Czy Ciebie, jako kapitana, przed takim meczem czeka więcej roboty?
Przed takimi spotkaniami nie trzeba nikogo motywować. Każdy wie, o co gramy, zna rangę wydarzenia. Pytano mnie ostatnio, dlaczego Lech nie potrafi wytrzymać ciśnienia? Potrafi! Z presją trzeba żyć. Ona powinna motywować, a nie deprymować. W takich klubach, jak Lech czy Legia, które co roku grają o mistrzostwo Polski, presja jest czymś naturalnym. Jeśli ktoś nie potrafi sobie z nią poradzić, to sorry, ale powinien pójść grać gdzie indziej.
Kto, jak kto, ale Ty smak rywalizacji z Legią znasz doskonale.
To prawda. Debiutowałem w ekstraklasie w barwach Pogoni Szczecin właśnie w meczu z drużyną z Łazienkowskiej. Następnie przez cztery sezony byłem zawodnikiem Polonii Warszawa, więc Legia była naszym rywalem zza miedzy. Teraz bronię zaś barw Lecha Poznań. Z Legią rozegrałem sporo meczów i zawsze byłem po drugiej stronie barykady. Nie mogę się już doczekać, kiedy zaczniemy grać finał!
W tym sezonie T-Mobile Ekstraklasy znaleźliście na Legię receptę?
Rozegraliśmy z Legią dwa dobre spotkania. W Warszawie zremisowaliśmy wygrany mecz, a u siebie zwyciężyliśmy. Mamy lepszy bilans, ale to już historia. Nawet gdybyśmy wcześniej przegrali z 0:5, to i tak liczy się tylko to, co będzie teraz. Przed nami bardzo ważny tydzień. Najpierw zmierzymy się z Legią w finale Pucharu Polski, a następnie w lidze.
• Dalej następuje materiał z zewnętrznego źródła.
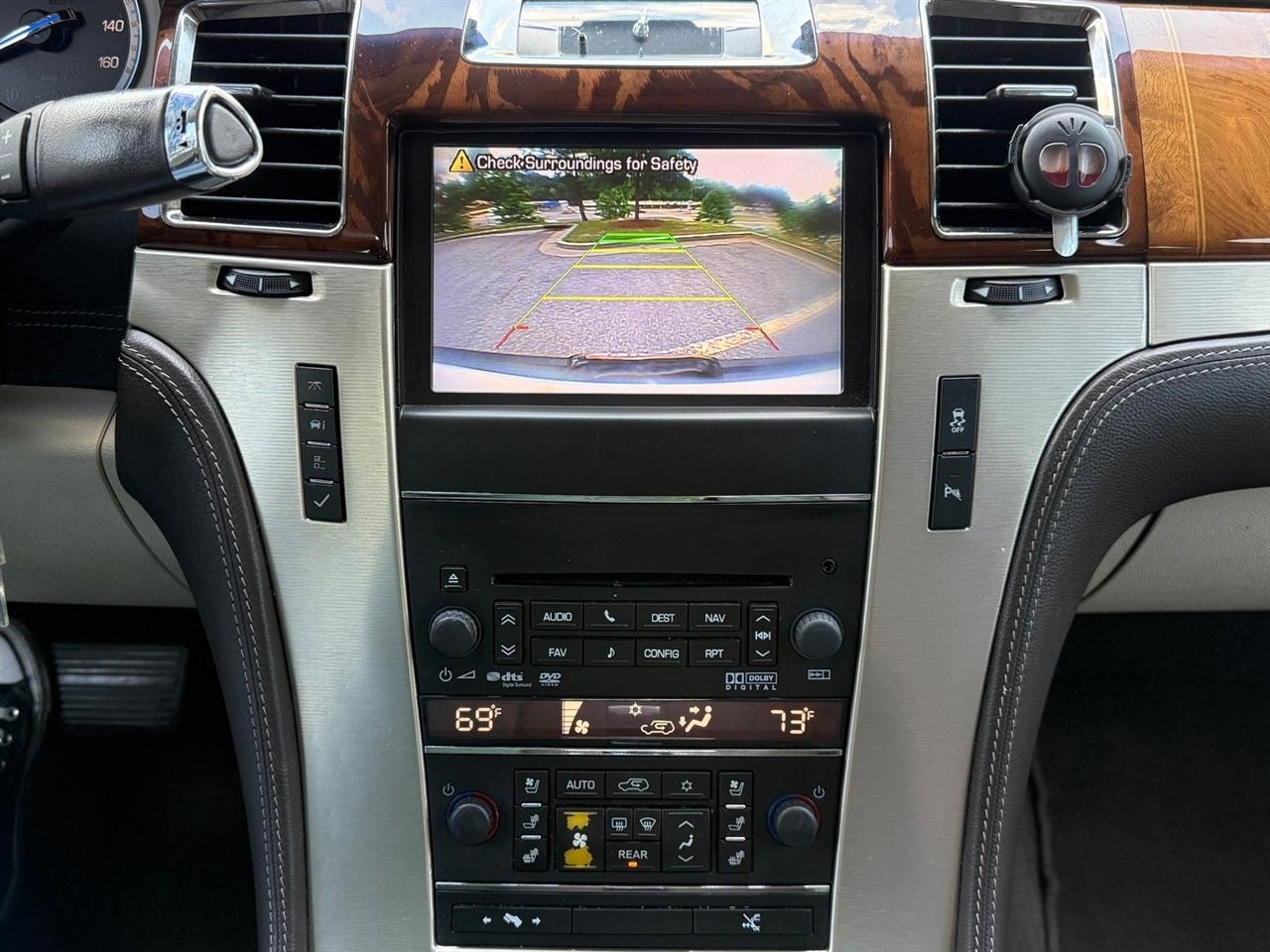 View 30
To będą dwa najważniejsze mecze w tym sezonie. Trofea rozstrzygną się między nami.
Legia w półfinale Pucharu Polski bez problemu poradziła sobie z Podbeskidziem Bielsko-Biała. Wy męczyliście się zaś z Błękitnymi Stargard Szczeciński. Czy warszawianie mają dzięki temu nad Wami przewagę psychiczną, czy uważacie, że półfinałowe starcie tylko Was wzmocni?
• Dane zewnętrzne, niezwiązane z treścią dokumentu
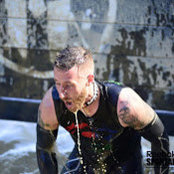 Shaun Higgins's photo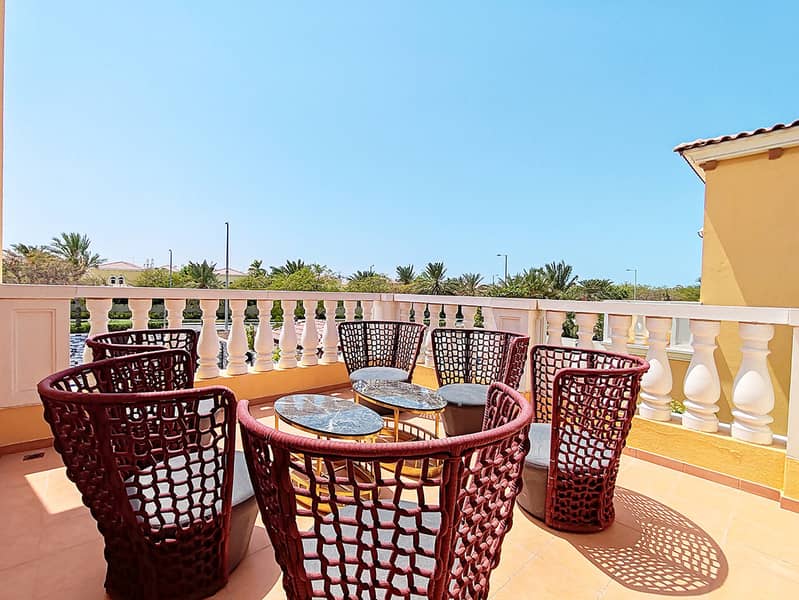 4 balcony-02. jpg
Ani nasz bój z Błękitnymi, ani mecze Legii z Podbeskidziem, nie będą miały w finale żadnego znaczenia. Nikt o tym nie będzie myślał. Takie historie żyją w prasie, ale nie na boisku. Tu nie ma sentymentów i kalkulacji. Liczy się tylko ten jeden mecz.
„To serca i płuca Lecha. Prawdziwy kapitan. Kiedy nie ma Trałki, drużyna nie istnieje” – powiedział nam przed tygodniem trener Bogusław Kaczmarek.
Dobrze się czuję w tym sezonie, gram sporo. Fajnie byłoby na koniec rozgrywek coś podnieść. Mówię oczywiście o trofeum za Puchar Polski i mistrzostwo kraju.
Jesteś uznawany za jednego z najlepszych pomocników w lidze. Grałeś w reprezentacji, w ekstraklasie wystąpiłeś ponad 200 razy. Do pełni sukcesu brakuje tylko jednego…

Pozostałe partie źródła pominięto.